There are 2719388 tokens
Fine tuning using babbage costs $0.0006 per 1000 tokens
Estimated price: $6.526531199999999


In [45]:
token_counter = 0
for prompt_completion in qa_openai_format[:500]:
    for prompt, completion in prompt_completion.items():
        token_counter += num_tokens_from_string(prompt,'gpt2')
        token_counter += num_tokens_from_string(completion,'gpt2')
token_counter

197362

In [46]:
# for babbage --> $0.0006 per 1000 tokens (training) * 4 epochs 
print(f"There are {token_counter} tokens")
print(f"Fine tuning using babbage costs $0.0006 per 1000 tokens")
print(f"Estimated price: ${(4*token_counter / 1000) * 0.0006}")

There are 197362 tokens
Fine tuning using babbage costs $0.0006 per 1000 tokens
Estimated price: $0.47366879999999995


In order to conduct fine tuning.

Openai documentation actually recommends using the command line tool.
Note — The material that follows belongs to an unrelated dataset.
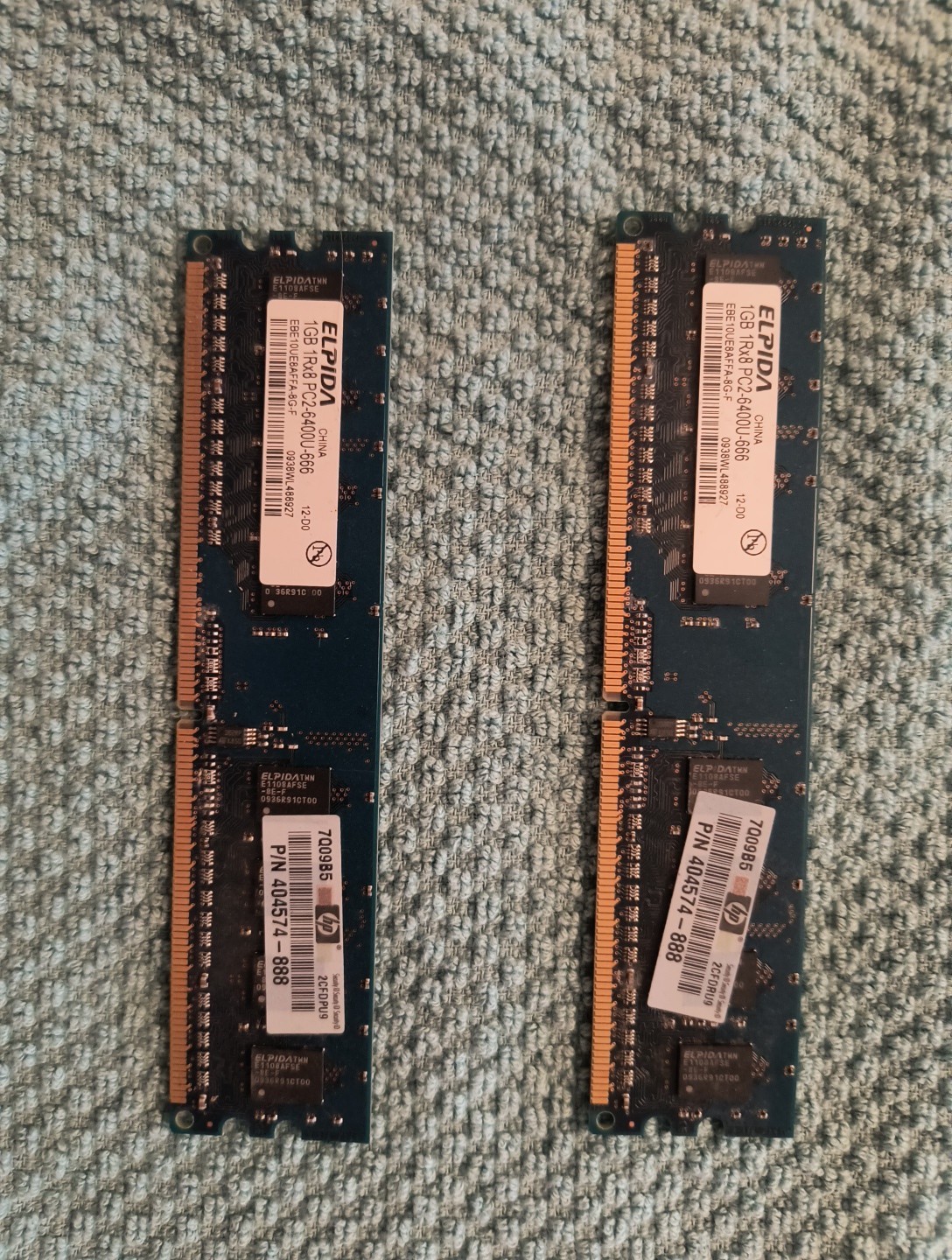 2 EA Elpida 1GB 1RX8 PC2-6400U-666 Desktop Memory EBE10UE8AFFA-8G-F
## Command Line for Fine-Tuning

Note, you can find the full official guide here:

https://platform.openai.com/docs/guides/fine-tuning

OpenAI recommends using the terminal/command line via their OpenAI tool, which you have by simply running:

    pip install --upgrade openai
    


    openai api fine_tunes.create -t training_data.json -m babbage

You can use:

*openai api fine_tunes.list* to get a list of your fine tuning jobs, 

*openai api fine_tunes.get -i <YOUR_FINE_TUNE_JOB_ID>* to get the debug log of your fine tuning process


To cancel the fine-tuning job, run:

    openai api fine_tunes.cancel -i (your_job_id)

In [47]:
# get fine tuned model from terminal
fine_tuned_model = "babbage:ft-sff-2023-03-23-19-48-16"

In [48]:
# Original model
response = openai.Completion.create(
    model = 'text-babbage-001',
    prompt = "What are good Python books?",
    max_tokens = 128
)

In [49]:
print(response['choices'][0]['text'])



Some good Python books that may be of interest include "Python for Data Science & analytics" or "Python for Scientific Computing".


In [50]:
# Fine tuned model
response = openai.Completion.create(
    model = fine_tuned_model,
    prompt = "What are good Python books?",
    max_tokens = 128
)

In [51]:
print(response['choices'][0]['text'])

 The answer is: it depends. For one, you should consider which language you are learning. Thus, the experiences of those who have learnt one language might be worth considering (hint hint...some of the excellent books listed here were written by an English dude). For the other hand, you might want to take a look at the Python general reading list.
To begin with, I suggest Gitplug for a general overview of what's going on with the Python standard library. It's also a good idea to look at other books you might be planning on learning about python.  It's impossible to withall any learning curve with python


In [52]:
# Another fine tuned model
fine_tuned_model2 = "babbage:ft-sff-2023-03-23-19-21-31"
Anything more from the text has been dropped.